All the Invisible Children (2005)
The goal of this anthology was to tell a story about ignored, forgotten or unseen children in the home country of each director. The filmmakers were given no other guidelines or rules in the hopes that the stories they told would be unique and close to their hearts, and it seemed to work out wonderfully. The press book for the DVD quotes one of the anthology’s producers, Chiara Tilesi:
The title says it all: ‘All the Invisible Children’; our aim is to bring ignored children’s issues into public awareness and consciousness, if nothing else, to make them more visible. Cinema, like music and other art forms, is a perfect medium to raise the bar of awareness, empathy, compassion and understanding.
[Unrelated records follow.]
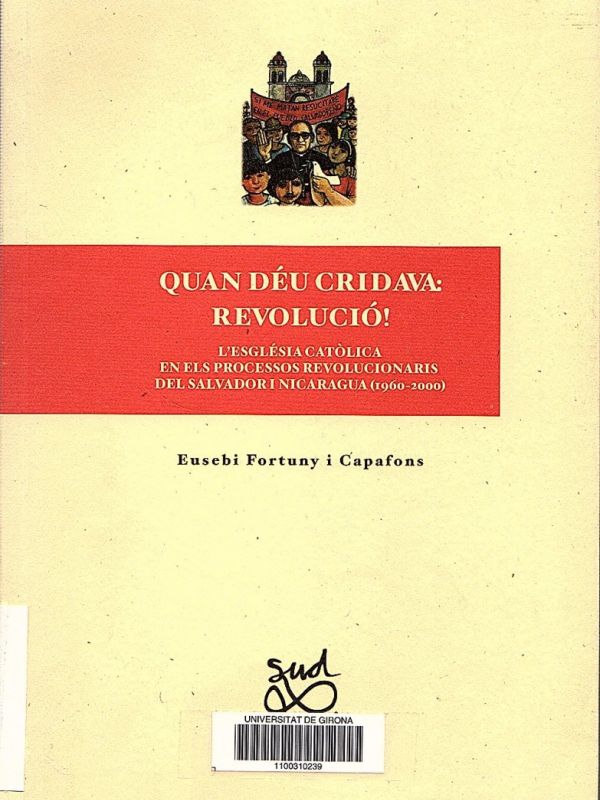 Quan Déu cridava, revolució : l'Església catòlica en els processos revolucionaris del Salvador i Nic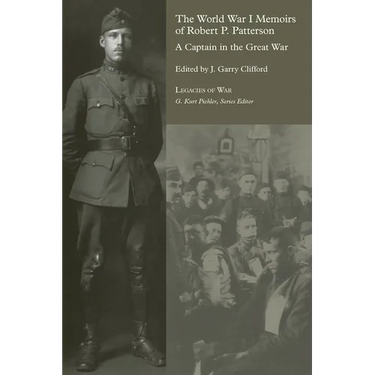 The World War I Memoirs of Robert P. Patterson: A Captain in the Great War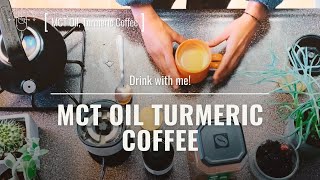 My Bulletproof Coffee Recipe - MCT Oil Turmeric Coffee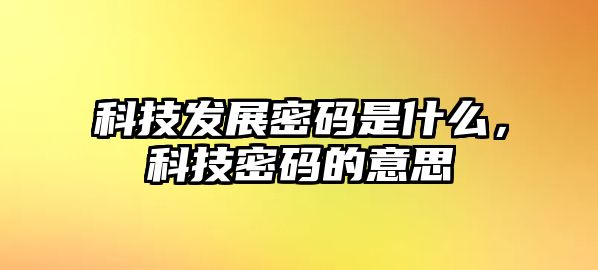 科技發(fā)展密碼是什么，科技密碼的意思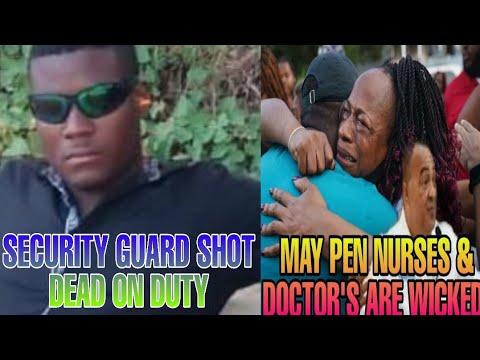 OMG SECURITY GUARD SH¤T DEADBABY MOTHER WEEPS BABY DEATH AT MAY PEN HOSPITAL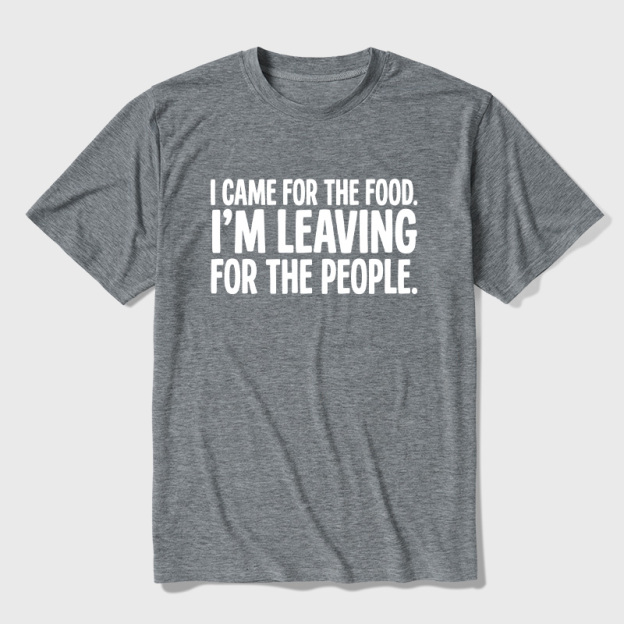 I Came For The Food I'm Leaving For The People Graphic Ultra Soft Heather Tees
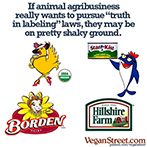 If animal agribusiness really want to pursue "truth in labeling" laws...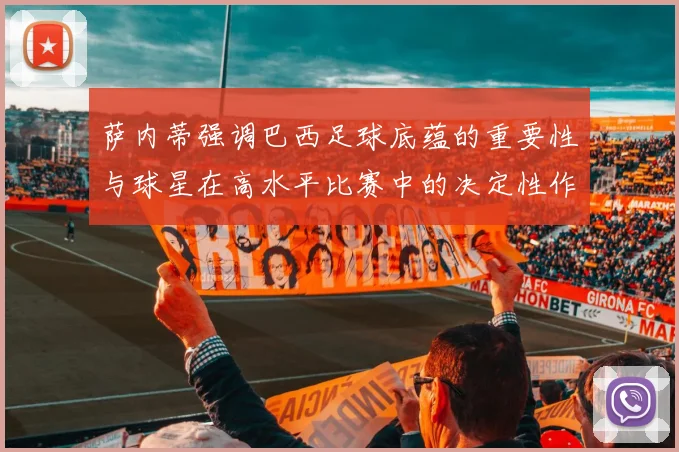萨内蒂强调巴西足球底蕴的重要性与球星在高水平比赛中的决定性作用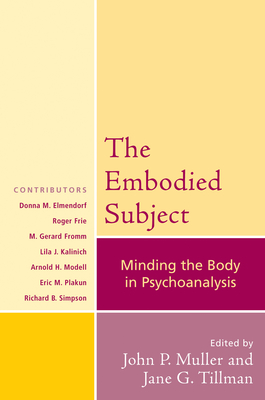 The Embodied Subject: Minding the Body in Psychoanalysis - Muller, John P (Contributions by), and Tillman, Jane G (Contributions by), and Modell, Arnold H (Contributions by)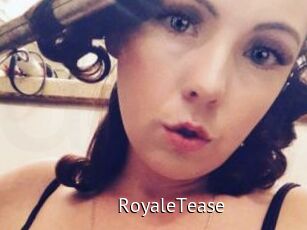 RoyaleTease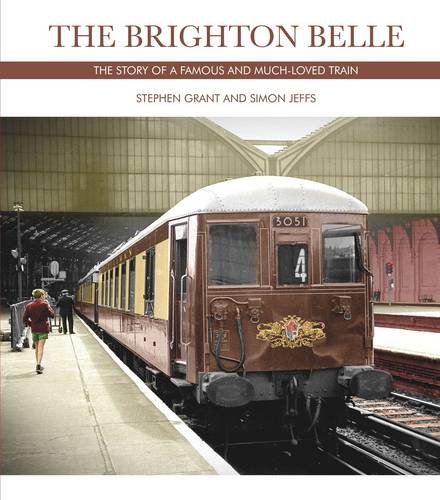 Stock image for The Brighton Belle: The Story of a Famous and Much-loved Train for sale by WorldofBooks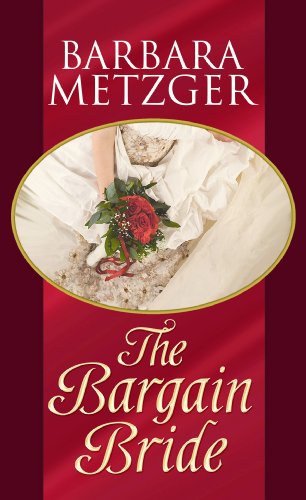 The Bargain Bride by Barbara Metzger
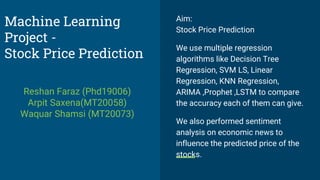 Aim:
Stock Price Prediction
We use multiple regression
algorithms like Decision Tree
Regression, SVM LS, Linear
Regression, KNN Regression,
ARIMA ,Prophet ,LSTM to compare
the accuracy each of them can give.
We also performed sentiment
analysis on economic news to
influence the predicted price of the
stocks.
Machine Learning
Project -
Stock Price Prediction
Reshan Faraz (Phd19006)
Arpit Saxena(MT20058)
Waquar Shamsi (MT20073)
 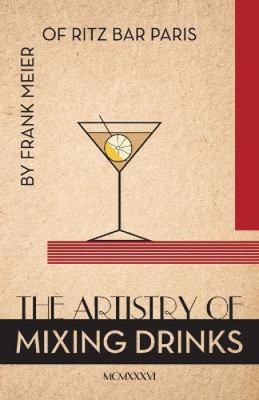 Die Kunst des Mixgetränks (1934): von Frank Meier, RITZ Bar, Paris;1934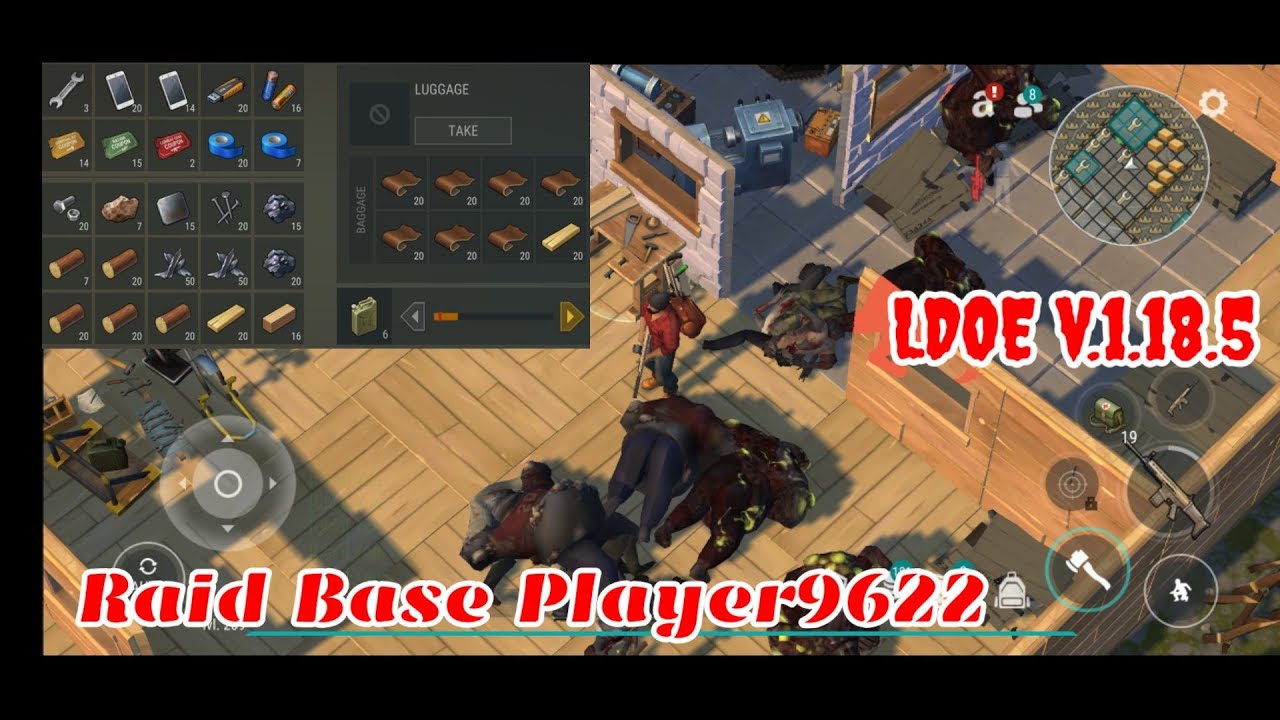 LDOE Raid Player9622 | Last Day on Earth v.1.18.5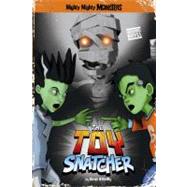 The Toy Snatcher by O'Reilly, Sean (CRT); Arcana Studio, 9781434232212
We all felt that this was an opportunity that needed to be seized. I am so glad we did, and I thank all our participants very sincerely.
We viewed two of the shorts from this collection in class, Song Song and Little Cat directed by John Woo and Jesus Children of America by Spike Lee. The films were constructed and shot in very different ways, with exceedingly different goals. Song Song was loaded with pathos, building a heartwrenching story through deeply personal experiences with two vastly different characters. Jesus Children shocked with cavalier brutality and made the audience feel for the main character through their distaste with everyone around her, causing her to act out in violence and hatred. Overall, these films told two important stories, and they serve to show us that the mistreatment of children is both transnational and wrong. The producers’ goal was to raise awareness, and they certainly did.